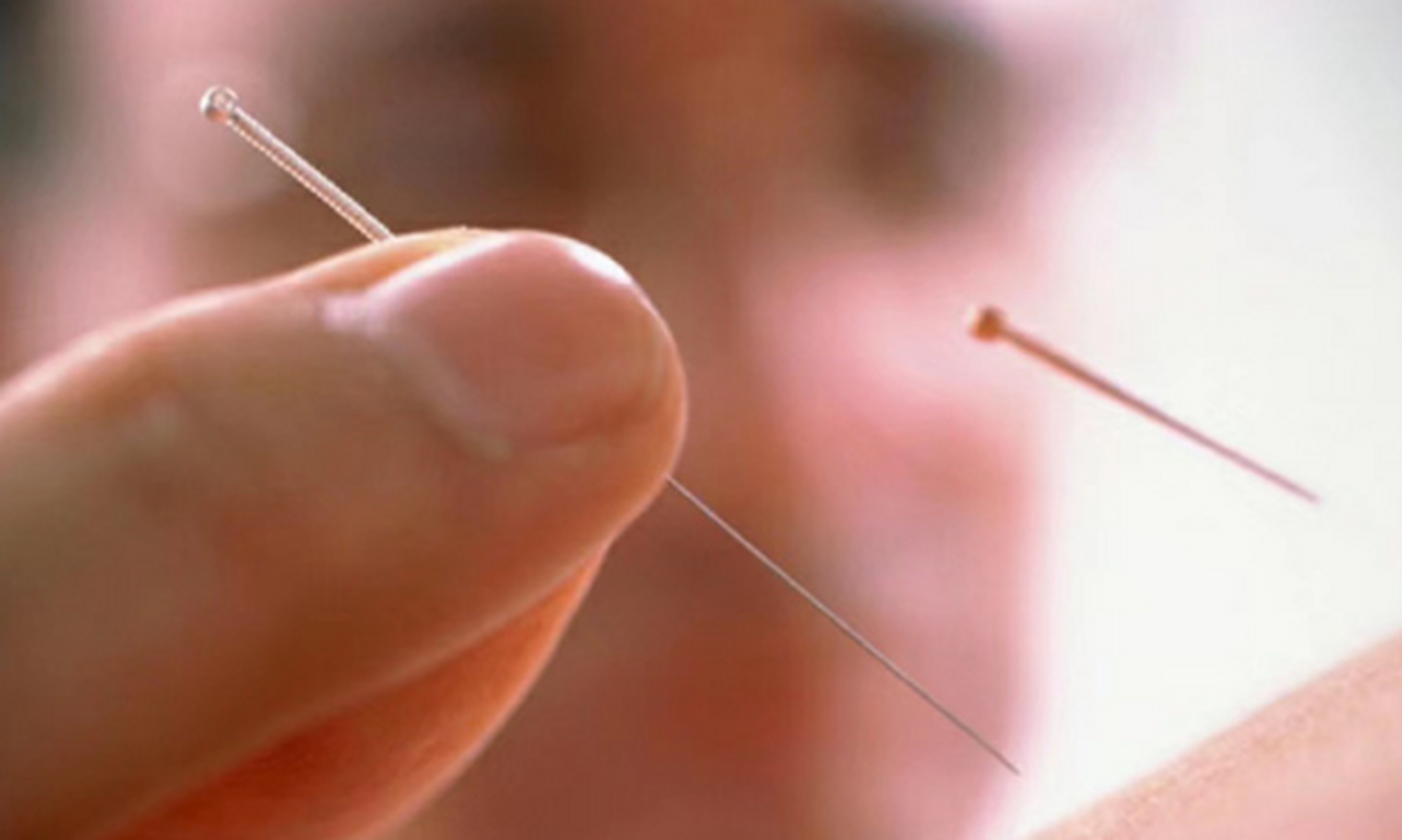 中医针灸治疗腰痛病的学术思想,古法针灸临床治验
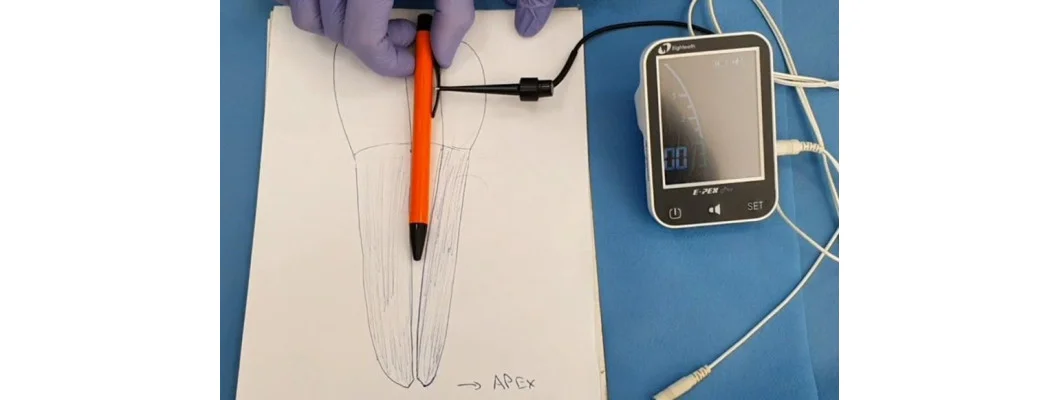 الدليل الكامل لشراء جهاز محدد الذروة لجذور الأسنان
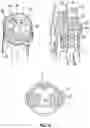 Fig. 18 - Device for Heart Repair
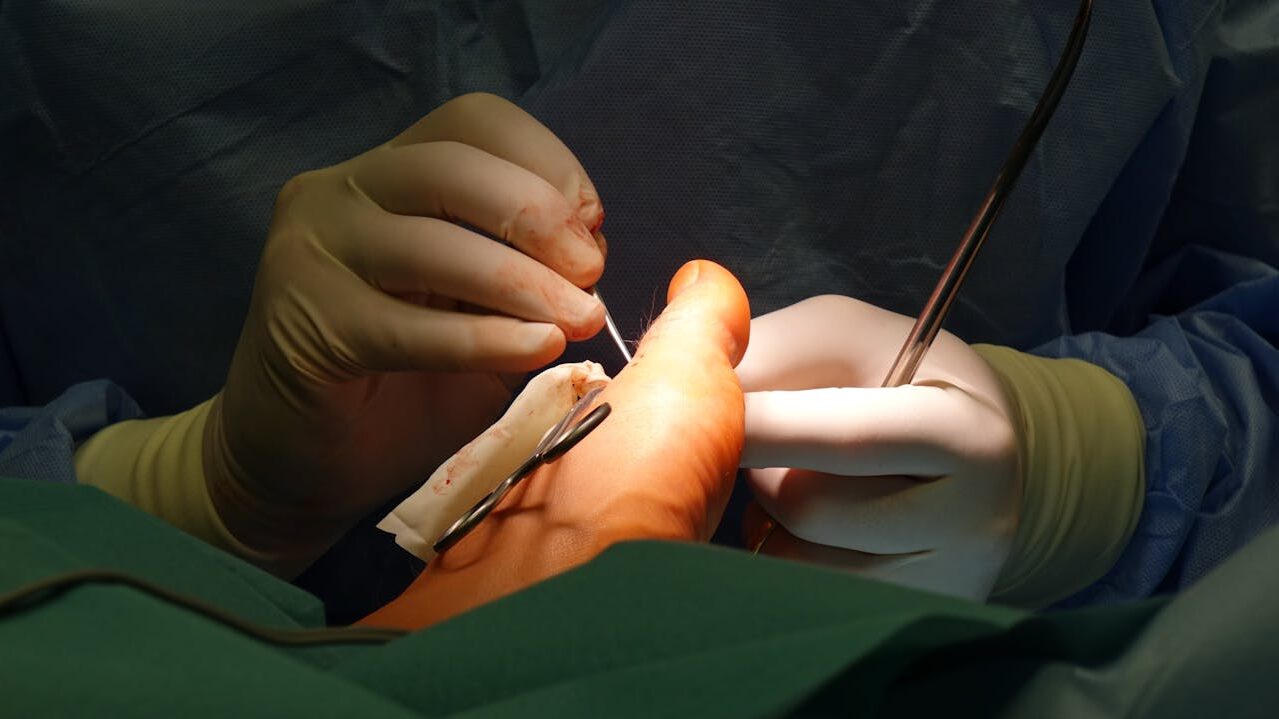 temps-pour-marcher-apres-fracture-malleole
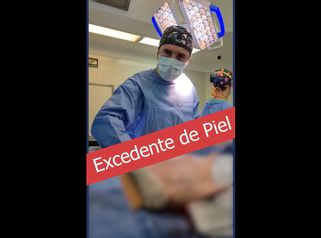 Excedente de piel - Dr. Damián Galeazzo y Equipo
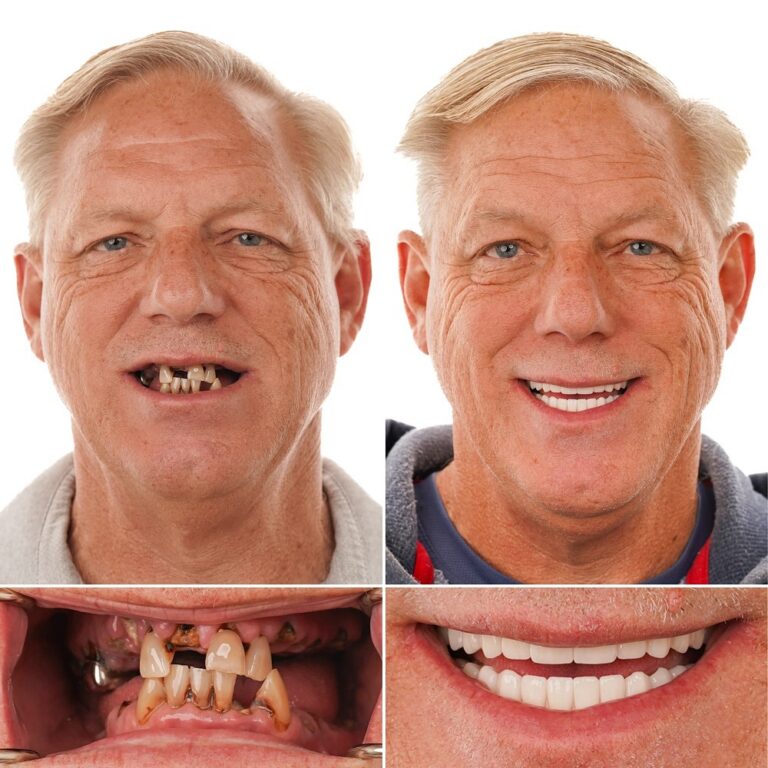 Full mouth implant transformation – Jerry S. – LA Implants Baton Rouge LA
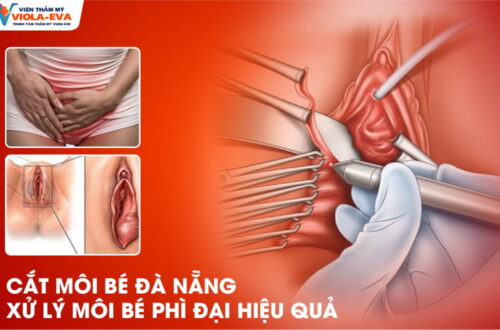 cat-moi-be-da-nang-xu-ly-moi-phi-dai-hieu-qua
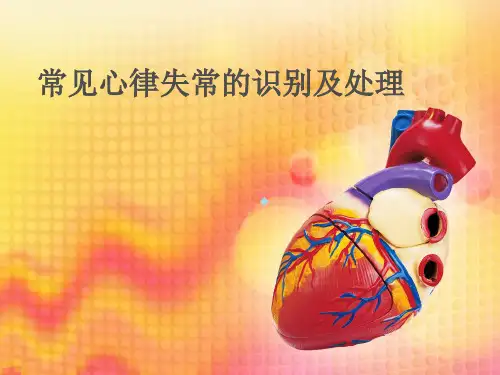 常见心律失常的识别及处理ppt课件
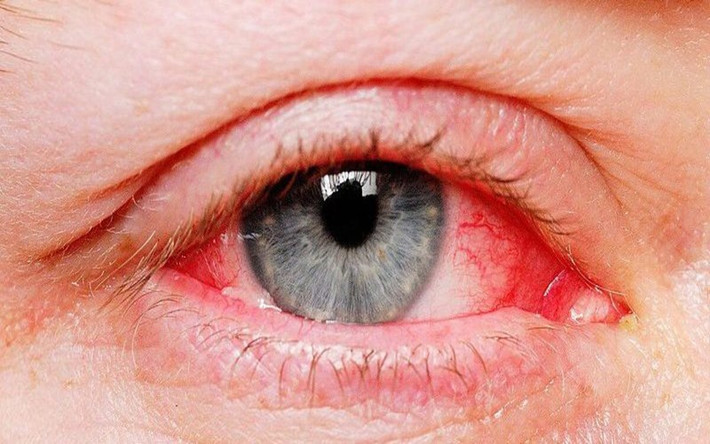 Mắt: Virus corona có thể làm đỏ mắt, gây đau mắt đỏ hoặc viêm kết mạc ở một số bệnh nhân.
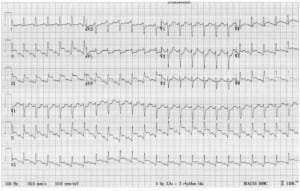 Figure 1. Initial electrocardiogram obtained on presentation showing inferior and lateral ST segment elevations.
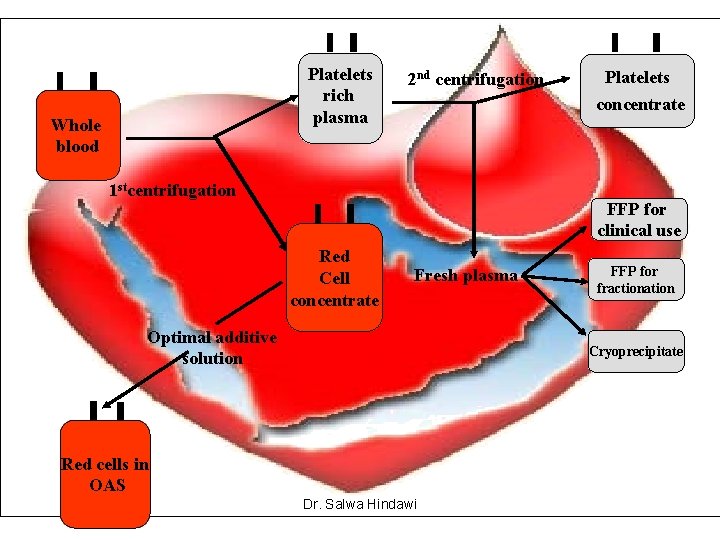 Platelets rich plasma Whole blood 2 nd centrifugation Platelets concentrate 1 stcentrifugation FFP for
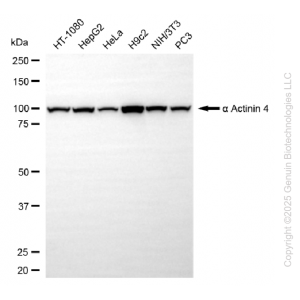 KO-Validated ACTN4 Rabbit mAb (20 μl)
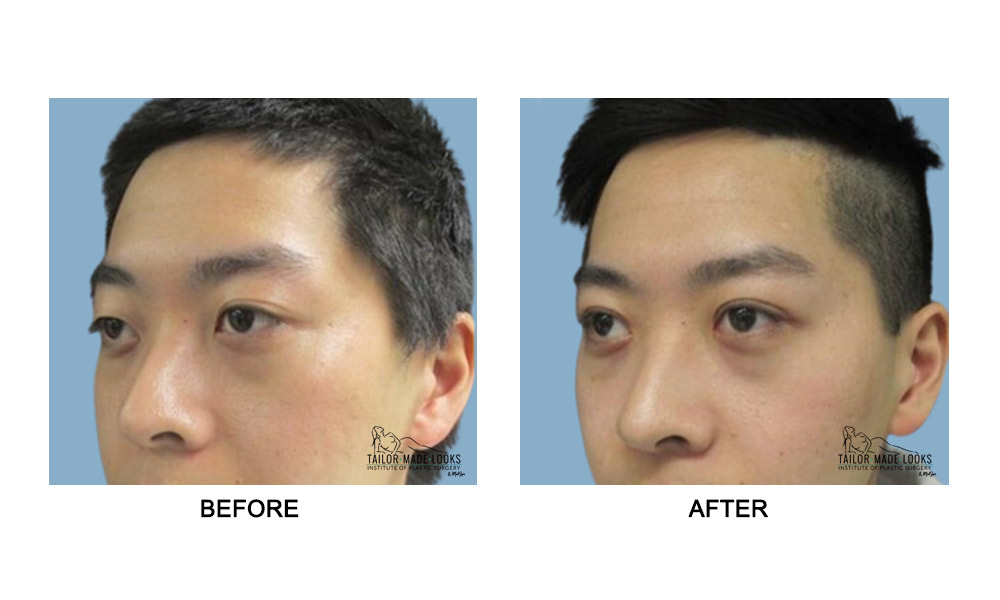 Asian Blepharoplasty Image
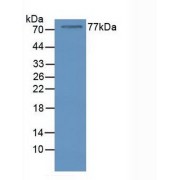 Western blot analysis of Human Serum.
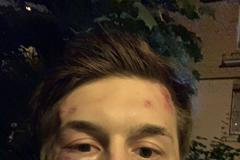 rusko opozice bloger zmlácený jegor žukov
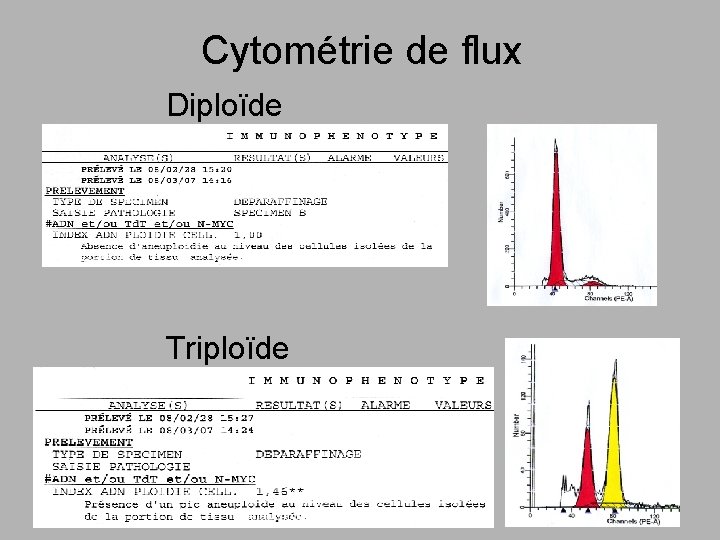 Cytométrie de flux Diploïde Triploïde 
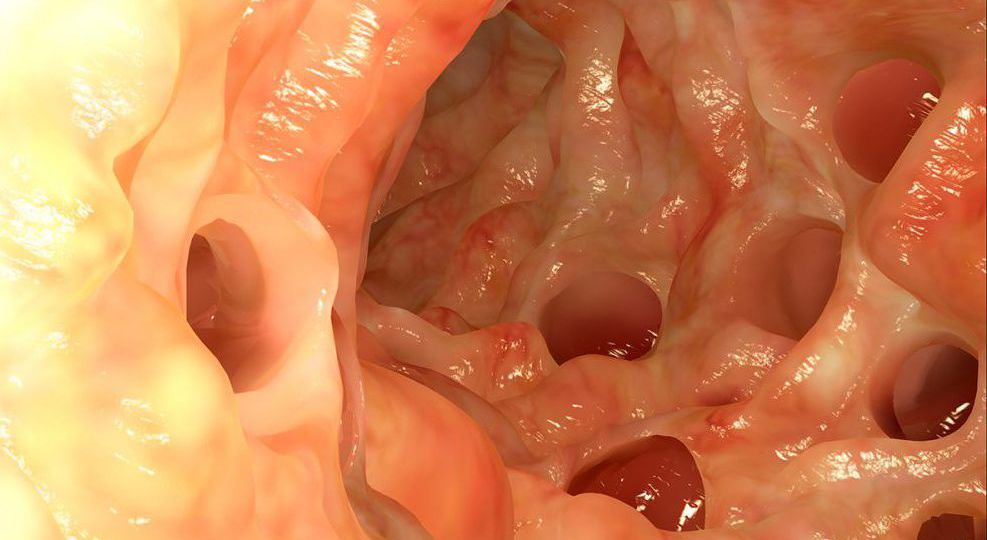 Diverticulitis head1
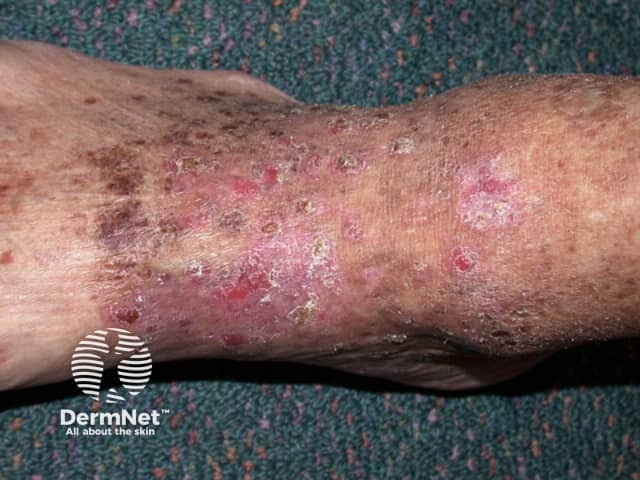 Actinic keratoses affecting the legs and feet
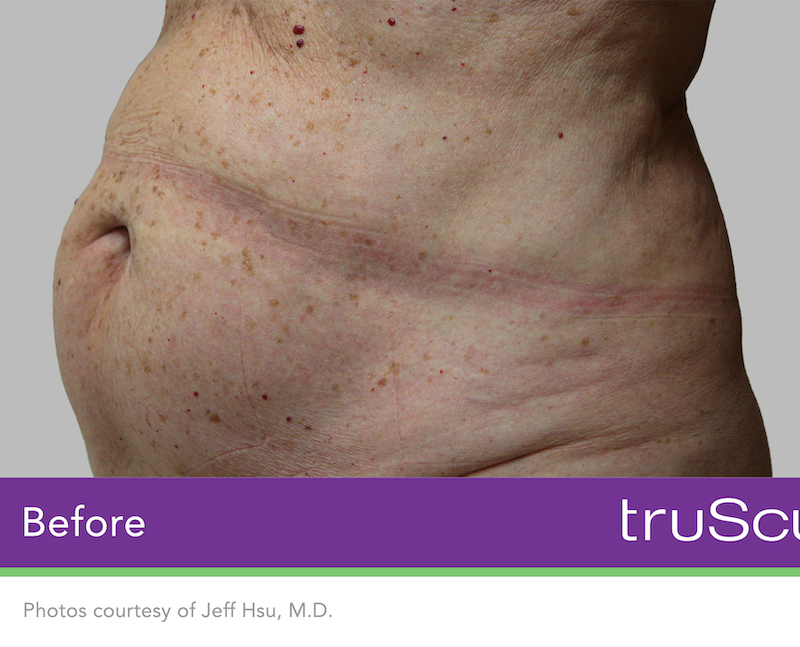 truSculpt iD Before & After Image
□ □ □ □ □
◆ PROBLEM REQUIREMENTS
Within the listing above, copy exactly the lines that start at the one with "Figure 1. Initial" and continue through the one with "KO-Validated ACTN4 Rabbit mAb (20 μl)". Omit pictures.

◆ EXERCISE ANSWER
 Figure 1. Initial electrocardiogram obtained on presentation showing inferior and lateral ST segment elevations.
 Platelets rich plasma Whole blood 2 nd centrifugation Platelets concentrate 1 stcentrifugation FFP for
 KO-Validated ACTN4 Rabbit mAb (20 μl)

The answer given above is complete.